→ **WORK ORDER**
Quote the full listing word for word.
[[ DATA SHOWN, beginning ]]
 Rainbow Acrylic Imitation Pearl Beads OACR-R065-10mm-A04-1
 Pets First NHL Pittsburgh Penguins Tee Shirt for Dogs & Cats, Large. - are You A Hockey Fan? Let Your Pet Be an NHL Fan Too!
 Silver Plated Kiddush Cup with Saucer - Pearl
[[ DATA SHOWN, end ]]
→ **THE ANSWER**
 Rainbow Acrylic Imitation Pearl Beads OACR-R065-10mm-A04-1
 Pets First NHL Pittsburgh Penguins Tee Shirt for Dogs & Cats, Large. - are You A Hockey Fan? Let Your Pet Be an NHL Fan Too!
 Silver Plated Kiddush Cup with Saucer - Pearl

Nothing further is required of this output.